Pictures appear in the records below; write out everything else exactly.

********************

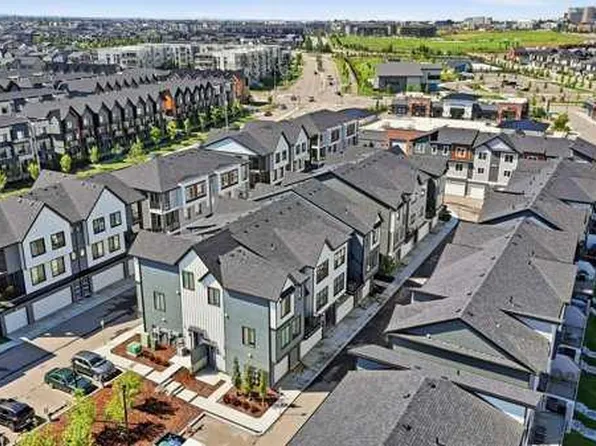 380 Seton Vlg SE #283, Calgary, AB T3M 3T8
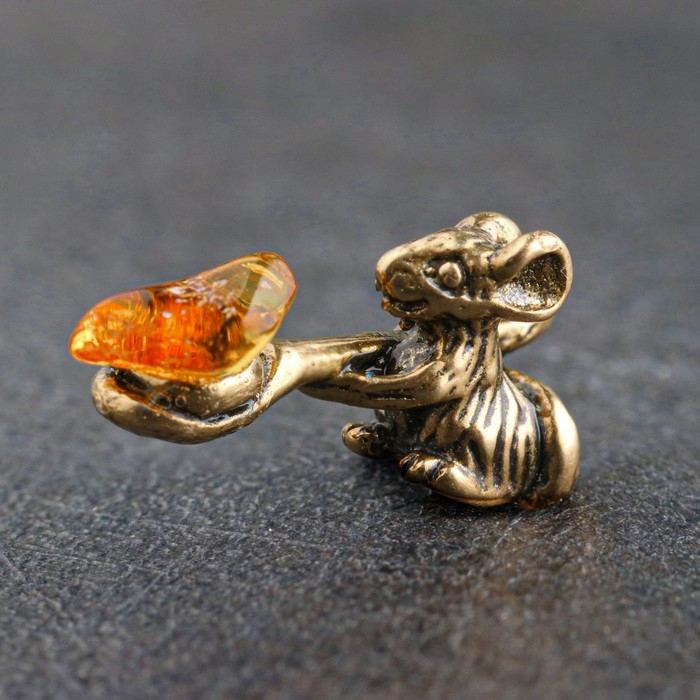 Сувенир кошельковый Сувенир кошельковый "Мышка с полной ложкой", с натуральным янтарём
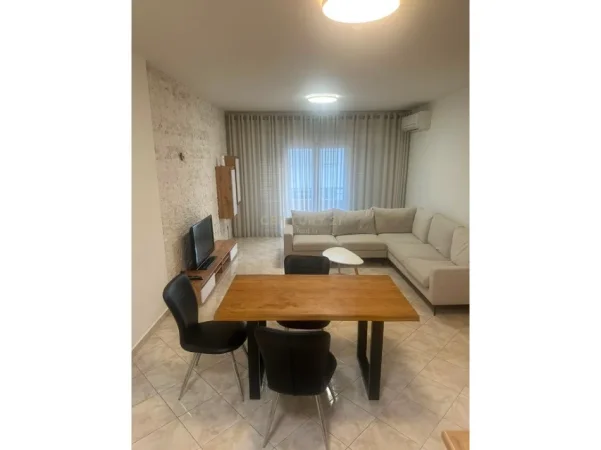 Tirane, shitet apartament 2+1+Ballkon Kati 7, 137 m² 260.000 € (don bosko)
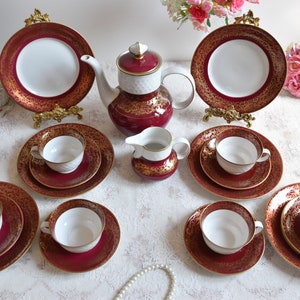Vintage GDR Burgundy and Gold Tea Set – Elegant Red Porcelain with Ornate Filigree, East German China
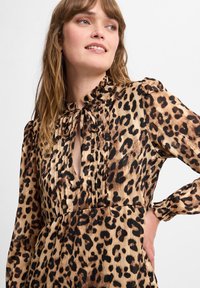 Marie Lund Freizeitkleid - camel schwarz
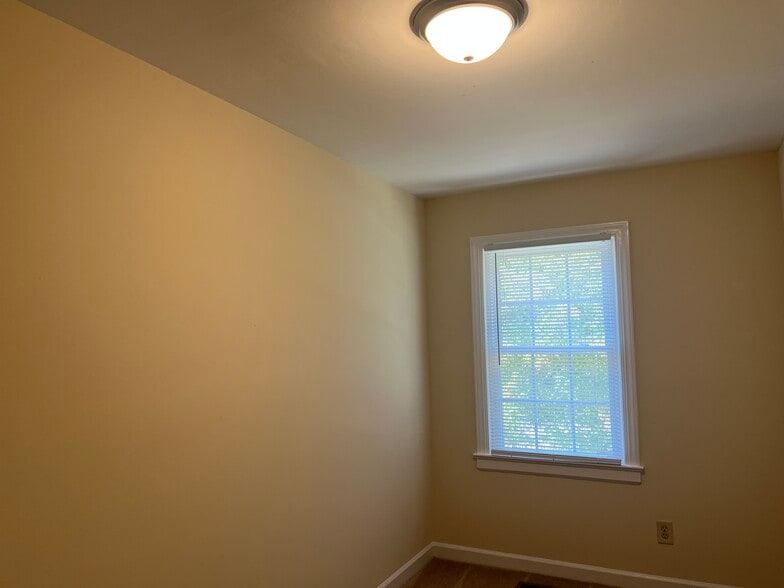 Building Photo - 2505 Saint Christopher Cir SW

********************

» **REPLY**:
 380 Seton Vlg SE #283, Calgary, AB T3M 3T8
 Сувенир кошельковый Сувенир кошельковый "Мышка с полной ложкой", с натуральным янтарём
 Tirane, shitet apartament 2+1+Ballkon Kati 7, 137 m² 260.000 € (don bosko)
Vintage GDR Burgundy and Gold Tea Set – Elegant Red Porcelain with Ornate Filigree, East German China
 Marie Lund Freizeitkleid - camel schwarz
 Building Photo - 2505 Saint Christopher Cir SW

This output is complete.